Fig. 5.. Tlr7 drives male-biased type I IFN response in mouse brains and cultured microglia stimulated with myelin.

(A) Experimental schematic for treatment of 10- to 12-month-old WT mice with saline or TLR7 agonist, split by sex. [Schematic created using BioRender.com] (B) Venn diagram of significant number of DEGs between agonist versus saline-treated within females and males; n = 7 mice per sex per treatment. Numbers or genes in red are up-regulated, whereas those in blue are down-regulated. The pink-shaded region indicates the portion of genes specifically altered by agonist in males only. (C) Gene ontology pathway analysis of DEGs up-regulated by agonist in males only. (D) Schematic illustrating the treatment of WT (Tlr7^+/+) and TLR7 knockout (Tlr7^−/−) in vitro microglia with myelin, split by sex; n = 3 replicates per condition. (E) Venn diagram of DEGs between TLR7 knockout and WT microglia (MG) treated with myelin within males and females. The pink-shaded region indicates portion of genes specifically altered by agonist in males only. (F) Volcano plot of specific DEGs in TLR7 knockout male microglia versus WT male microglia, both treated with myelin. Dashed lines represent the log2FC threshold of 0.1 and P value threshold of 0.05. (G) Gene ontology pathway analysis of DEGs down-regulated by TLR7KO in males only. (H) Volcano plot of specific DEGs in TLR7 knockout female microglia versus WT female microglia, both treated with myelin. Dashed lines represent the log2FC threshold of 0.1 and P value threshold of 0.05. (I) Gene ontology pathway analysis of DEGs down-regulated by TLR7 knockout in females only.
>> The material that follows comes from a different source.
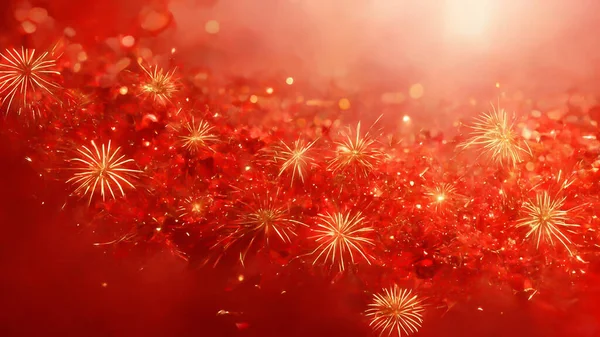 Red Abstract Wallpaper. Red Holiday glowing Abstract Defocused Background for Christmas and New Year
Fig. 6.. TLR7 deficiency abolishes sex differences and protects against nonautoimmune and tau-induced demyelination.

(A) Experimental design for CPZ treatment of TLR7 knockout mice. [Schematic created using BioRender.com] (B) Violin plot showing pseudobulk Tlr7 expression in microglia. (C and E) Subcluster cell ratios of microglia (C) or oligodendrocytes (E) in XXO or XYT mice treated with control or 3 weeks of CPZ. (D and F) Subcluster cell ratios of microglia (D) or oligodendrocytes (F) from TLR7 knockout female (KO-XXO) or male (KO-XYT) mice treated with control or 3 weeks of CPZ; n = 3 mice per condition. (G) Representative images of pSTAT1 and IBA1 immunofluorescence in hippocampal CA1 of CPZ-treated FCG male, FCG female, TLR7 knockout female, and TLR7 knockout male mice. (H) Quantification of pSTAT1 and IBA1–positive signal between male and female, FCG and TLR7 knockout CPZ-treated samples. n = 6 to 9 mice per condition. (I) Representative images of MBP immunofluorescence in whole hippocampus of control and CPZ-treated FCG (Tlr7^+/+) and TLR7 knockout mice. (J) Quantification of MBP signal intensity. (K) Average latency to fall during rotarod test for WT and TLR7 knockout control and 5-week CPZ-treated female mice; n = 11 to 16 per condition. (L) Experimental schematic of TLR7 inhibitor (TLR7i) treatment of PSUK mice. [Schematic created using BioRender.com] (M) Venn diagram of DEGs between inhibitor- and control-treated hippocampi from PSUK males and females; n = 3 to 6 mice per condition. (N) Gene ontology pathway analysis of DEGs down-regulated by the inhibitor treatment specifically in males. (O) Correlation between inhibitor versus control overlapping DEGs in males and females. Dashed lines represent the log2FC threshold of 0.1. Red circles represent genes up-regulated by males, and blue circles represent genes down-regulated by males. Pearson’s correlation test (two-sided) was used. (P) Representative images of MBP immunofluorescence in dentate gyrus of inhibitor and control-treated PSUK or WT mice. (Q) Quantification of MBP intensity. (R) Hindlimb paralysis scores of PSUK mice treated with TLR7 inhibitor or control diet and WT mice on control chow split by sex. n = 5 to 8 mice per condition. All data are represented as mean ± SEM. For data in (C) to (F), (H), (J), (Q), and (R) significance was determined by two-way ANOVA with Tukey’s post hoc multiple comparisons test. For data in (K), significance was determined by mixed model with Sidak’s post hoc multiple comparisons test. *P < 0.05; **P < 0.01; ***P < 0.001; ****P < 0.0001.